Rifled tubing was developed to enhance the performance of evaporators and condensers in two-phase refrigerant flow applications. The improvement in heat transfer is due mainly to the 50% to 60% increase in internal surface area over plain tube, thereby reducing the liquid refrigerant film thickness.
Reduced film thickness results in an increased effective temperature difference between the tube wall and the refrigerant gas-liquid interface, and provides more heat transfer potential.
Also, in evaporator coils (depending on refrigerant velocity), the rifled tube helps promote annular flow, resulting in an increase in the amount of wetted surface area for evaporation. The tube-side heat transfer coefficient for rifled tubing is as much as two and one-half to three times that of plain tube for condensing and evaporating conditions.
The ridges in rifled tubing are designed to improve performance in both condensers and evaporators, but must have sufficient strength to minimize deformation when the tube is expanded into the fins.
The designs offered today somewhat compromise optimum performance to meet these criteria. Ridge height, apex angle, and helix angle all contribute to performance enhancement. Today, rifled tubing is available in 5/16-, 3/8-, and 1/2-in.-dia tube coils.
Using rifled tubing in an evaporator is more effective than in a condenser to improve capacity performance in refrigeration systems. Why? Because a 10% increase in evaporator coil performance will result in about a 3% increase in system performance, as compared to a 1.5% increase due to the same 10% increase in condenser coil performance.
Rifled tubing is also more effective under two-phase flow conditions. An evaporator coil has a higher percentage of its internal surface area in two-phase flow than does a condenser, which has desuperheating and subcooling sections.
Application economicsThe decision to use rifled tubing is usually determined by economics.
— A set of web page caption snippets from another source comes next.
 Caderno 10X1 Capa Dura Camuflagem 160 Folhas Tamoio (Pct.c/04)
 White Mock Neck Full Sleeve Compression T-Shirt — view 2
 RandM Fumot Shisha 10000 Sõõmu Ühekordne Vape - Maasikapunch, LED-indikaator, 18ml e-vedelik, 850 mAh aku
When rifled tube and raised-lance fincoils were introduced in 1983, substantial gains were made in material reduction for residential air conditioner evaporator coils. There were cases where designers were able to reduce the size of evaporators from three rows to two, with no loss in performance.
However, when comparing the economics of rifled vs. plain tubing, the additional cost of producing rifled tubing makes it difficult to justify without taking into account other factors.
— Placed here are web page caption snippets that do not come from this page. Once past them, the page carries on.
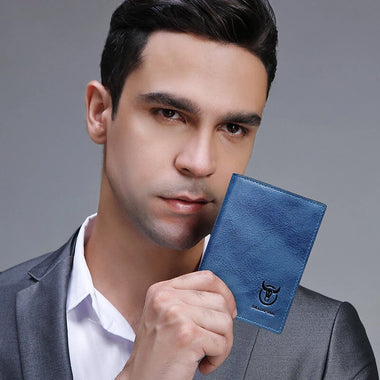 BULLCAPTAIN Men's Genuine Leather RFID Wallet Handmade Cowhide Thin Design Large Capacity Short Coin Purse Clip Business Casual Card Bag Gift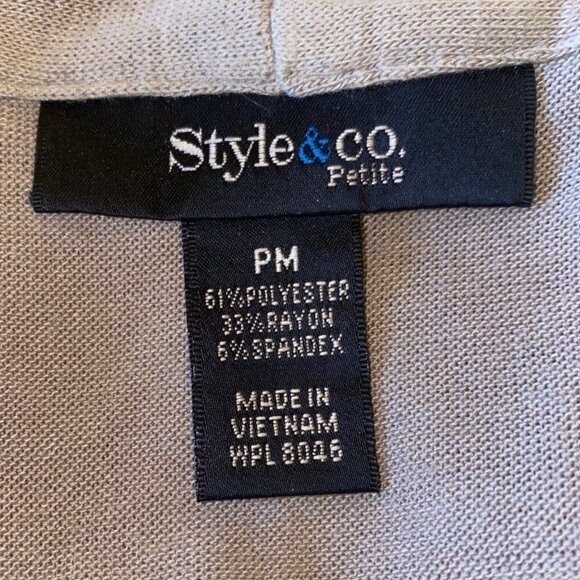 Style & Co Petite Beige Lightweight Open Front Cardigan PM Polyester Blend - Picture 3 of 4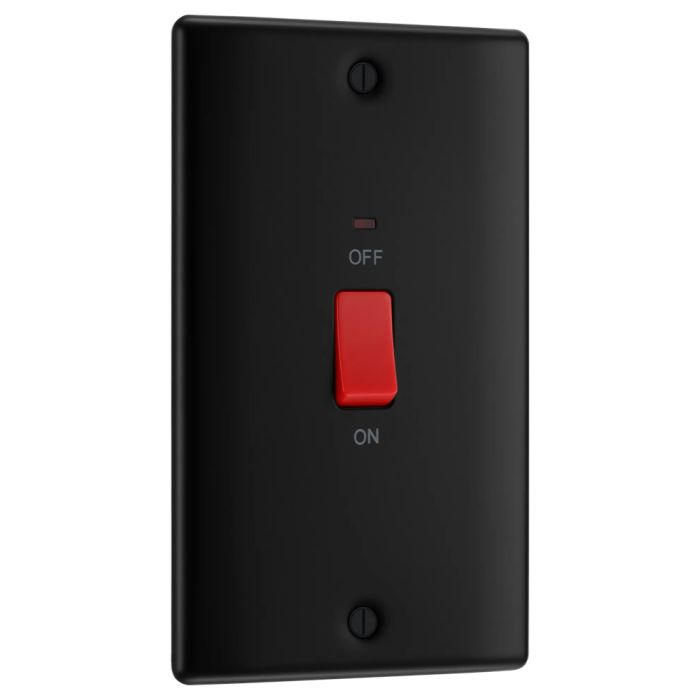 BG Vertical 45a DP Switch c/w Neon Matt Black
The decision is somewhat more complex when considering the entire air-handling unit. If the combinations of coil cost and cabinet cost are reduced with rifled tubing, then it makes economic sense. Air conditioning evaporator coil applications seem almost automatic when it comes to the cost-effectiveness of rifled tubing.
Due to a lower overall effect on system performance, condensers are not as likely to justify rifled tubing. Medium- and low-temperature refrigeration applications require close analysis.
If the allocated space for the coil is fixed and plain tube coils cannot achieve the specified performance, rifled tubing may be an effective solution. This not only includes capacity ratings, but air pressure drop as well.
The ability to reduce the number of rows in a coil also has a positive effect in reducing air pressure drop.
Most rifled tube applications occur in refrigeration and air conditioning systems.
However, its use in single-phase fluid applications is growing. For example, rifled tube applications can be made for water coils, where the additional performance of rifled tubing is able to prevent adding more rows or fins per inch in a critical air pressure drop situation.
Rifled tube coils may not be the answer for every application, but they have certainly allowed many engineers and contractors to achieve cost, performance, and unit size objectives that would not be possible otherwise.
Rifled tubing should be considered when new air conditioning or refrigeration units are being developed, and certainly when trying to improve the performance of an existing model without incurring major retooling costs.
With the air conditioning and refrigeration industries sensitive to a new era of non-CFC refrigerants and synthetic compressor lubricants, there will be opportunities to develop new coil designs that optimize the performance characteristics of these chemicals.
Will other geometric configurations of rifled tubing provide better performance than those available today? Maybe. However, these opportunities for new designs must also be cost effective.